The reality was that Labour policy was a continuation of the neo-liberalism of the Thatcher years. In 2001, corporation tax was 35%. By 2008 was reduced to 27%. Capital gains tax was cut from 40% to 10%. Under Labour the size of the financial sector within the economy rose from 5.3% in 2001 to 9.1% in 2008. Manufacturing, on the other hand, was decimated. Between 1997 and 2007, nearly 1.3 million manufacturing jobs were lost and manufacturing’s share of the economy declined from 20% to 12%. But the authors treat these facts in isolation as if there were no connection between the two. When easy profits could be made through financial speculation there was little incentive to invest in productive capacity.

Labour consciously helped the rise of the financial sector. Although the international dimension to the 2008 banking crash was decisive, Labour created a regulatory landscape that ensured it had a catastrophic impact in Britain. Even after the crash, Labour refused to deal any significant blows against the banks, instead bailing them out with the minimum of strings. In this way, Labour helped prepare the way for the assault now taking place on the welfare state by the Con-Dems.

The wealth gap ballooned under Labour. Directors’ pay increased from 47 times the average pay in their firms to 81 times the average. The working class borrowed to maintain living standards. The ratio of savings to GDP in the early 1990s was 12%. By 2008 it was zero as savings were run down.

Another key promise when Labour was elected was to eliminate child poverty, which affected 3.4 million children in 1997. Labour left office with 2.8 million children still below the breadline. Toynbee and Walker admit that "more adults fell into poverty than children escaped it". Typically, however, they throw Labour a lifeline by saying that at least they "slowed down the rise in inequality". In other words, marginal achievements in one area were wiped out by an increase in inequality and poverty overall.

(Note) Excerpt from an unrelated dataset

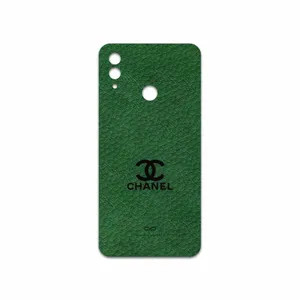 MAHOOT GL-CHNL Cover Sticker for Honor 10 Lite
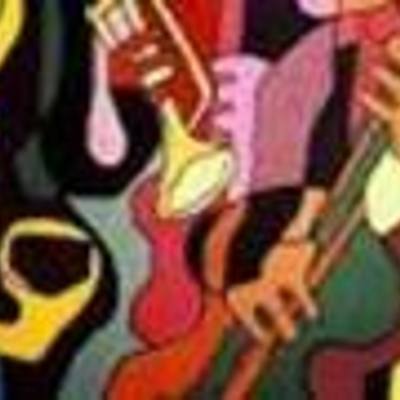 Timeline: MÚSICA DEL SIGLO XX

Instead of drawing these points out, we are offered a mishmash of truisms and apologetics. The authors tell us that Labour ministers were "a clever and well-intentioned group of men and women" who had set themselves an impossible task. Apparently, "Labour governments are destined to disappoint their followers because the centre left sets the bar higher and hopes are inflated". We are told that Labour lost the 2010 general election partly for "just having been in power for so long". But the real reason that Labour lost the votes of some four million working-class people between 1997 and 2010 was because many could not see the point in voting for them. For millions more, a vote for Labour was a vote for the ‘lesser evil’. Millions can see ‘the verdict’ that Toynbee and Walker refuse to acknowledge: Labour is a party of big business and the rich.